**PROVIDED MATERIAL:**
+===+

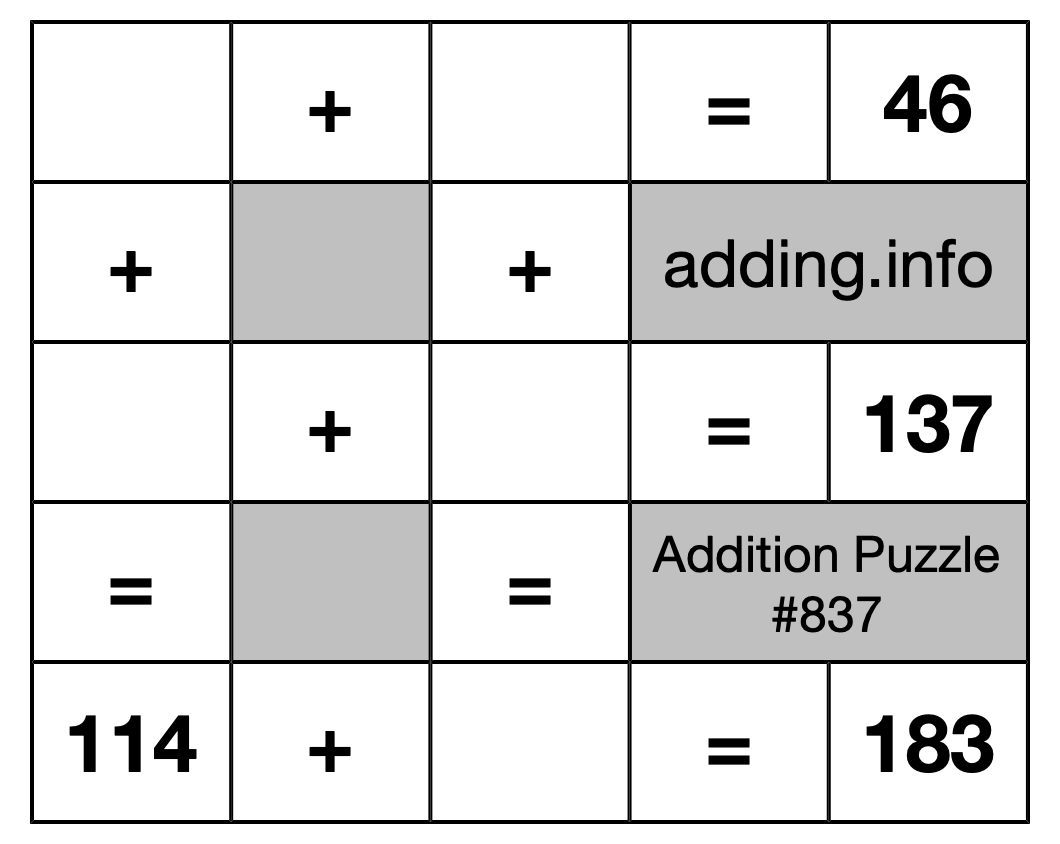 Addition Puzzle #837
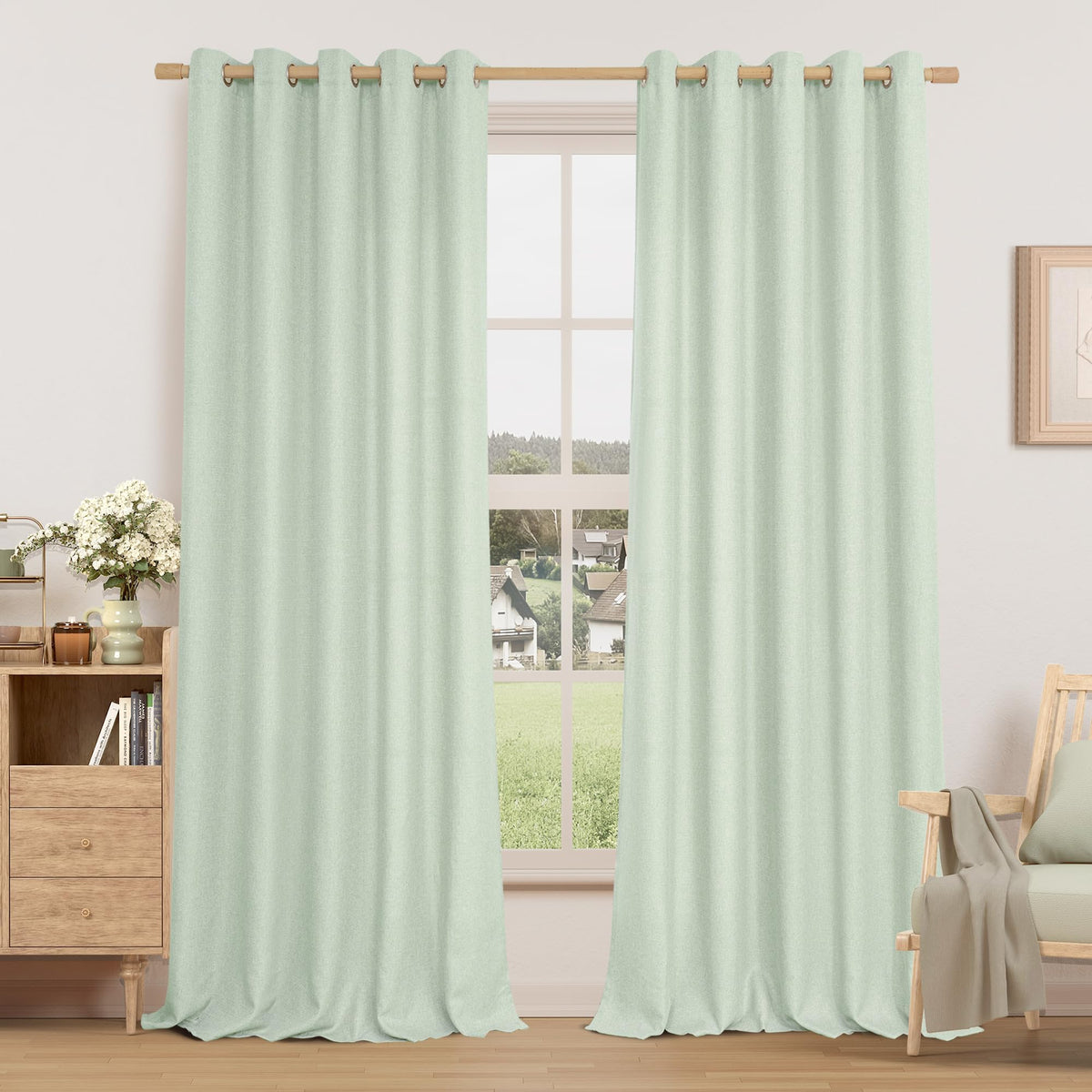 LAMIT 90 Inch Long Oatmeal Linen Curtains for Living Room 2 Panels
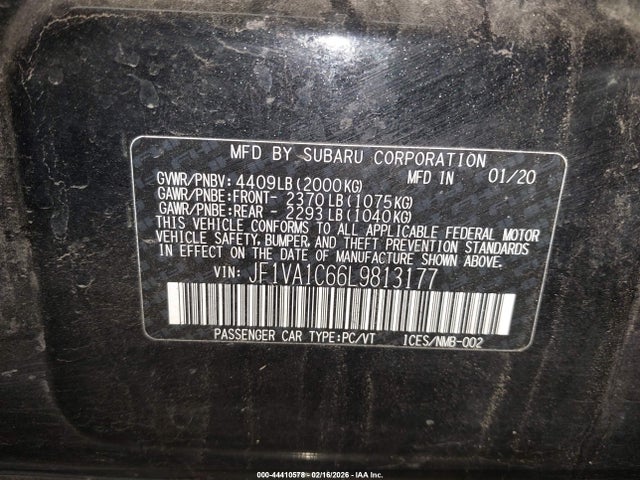 JF1VA1C66L9813177 Subaru Wrx Premium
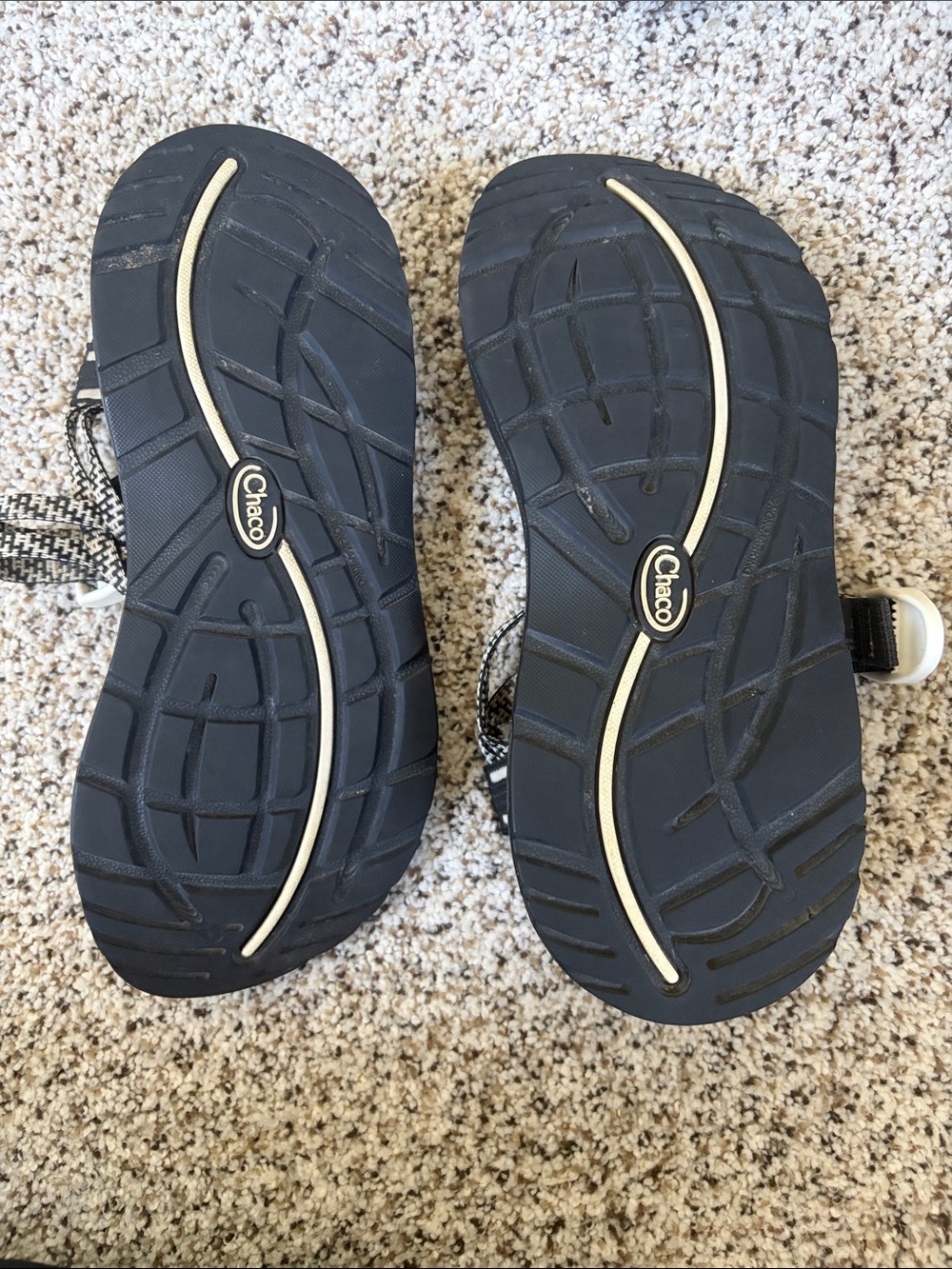 Chaco Cloud Sandals with Black & White Patterned Straps - Picture 4 of 6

+===+

**WHAT THE TASK ASKS:**
From the first line to the last, output the data exactly; skip any pictures.

**SOLUTION:**
 Addition Puzzle #837
 LAMIT 90 Inch Long Oatmeal Linen Curtains for Living Room 2 Panels
 JF1VA1C66L9813177 Subaru Wrx Premium
 Chaco Cloud Sandals with Black & White Patterned Straps - Picture 4 of 6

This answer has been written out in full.